There are still two big issues. The first is quantifying the environmental impact that "upwind" states have since there are multiple up- and down-wind players. Then there's calculating how much this will cost each state financially, since that aspect of the rule was left purposely vague.

A coincidence
The Supreme Court decision came out just in time for Cloud Peak Energy (CLD) CEO Colin Marshall to field a question about it: "Our first reaction to that was well we will have to see how it plays out." He highlighted uncertainty over when the rule will be implemented and the impact of other regulations that are in the pipeline.

That said, Cloud Peak's Marshall noted, "it's probably too early to tell but overall... I'm comfortable with our overall view that the PRB demand will be relatively stable." Stable domestic PRB demand would be good news for Cloud Peak since that's the only region in which it operates.

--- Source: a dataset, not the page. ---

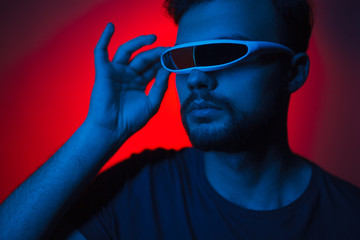 Man in virtual reality glasses in neon light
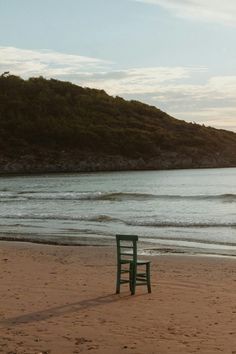 a green chair sitting on top of a sandy beach next to the ocean with a hill in the background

The company posted a first quarter loss of around $0.25 a share partly because of weather-related delivery problems. That's the first quarterly loss for the miner during a period that can only be described as difficult at best. However, Cloud Peak has contracted all of its coal this year, and the second half of the year is likely to look a lot better than the first half -- especially since PRB coal prices appear to be recovering, a fact that should have an even greater impact on 2015 results.

Some hurt in the future
The longer term impact on coal miners like Cloud Peak, however, will come from utilities like AEP (AEP -1.35%). This company has major operations in "up wind" states like Ohio and Texas. Texas Solicitor General Jonathan Mitchell, for one, complained to the court that the "EPA has left the states completely in the dark about the meaning of the phrase 'contribute significantly.'"

(Source: Dori, via Wikimedia Commons)

And that's what, in the end, will determine weather or not AEP upgrades or shuts down more coal plants. Coal made up 75% of AEP's footprint in 2013, so it's a big issue to address. To be fair, AEP has been spending to reduce its emissions, with reductions in sulfur dioxide of 70%, nitrogen oxides of 64%, and CO2 of 21% since 2005.

AEP has already been culling its coal fleet, where capacity is set to fall about 30% from 2005 levels. If EPA rules make the cost of operating coal plants go up further, it wouldn't be surprising to see AEP shut more down. That would make Cloud Peak's early expectations overly positive. It would also make more of the country reliant on frequently volatile natural gas, which has picked up the mantle at AEP --  its use has grown 65% since 2005.

The fight is not over
It's likely that this fight isn't over, since there's going to be plenty of push-back against any financial impact imposed by the rule. That said, this is an important situation to monitor for coal miners like Cloud Peak and for "up wind" utilities like AEP. Make sure to keep your eyes on this still moving ball.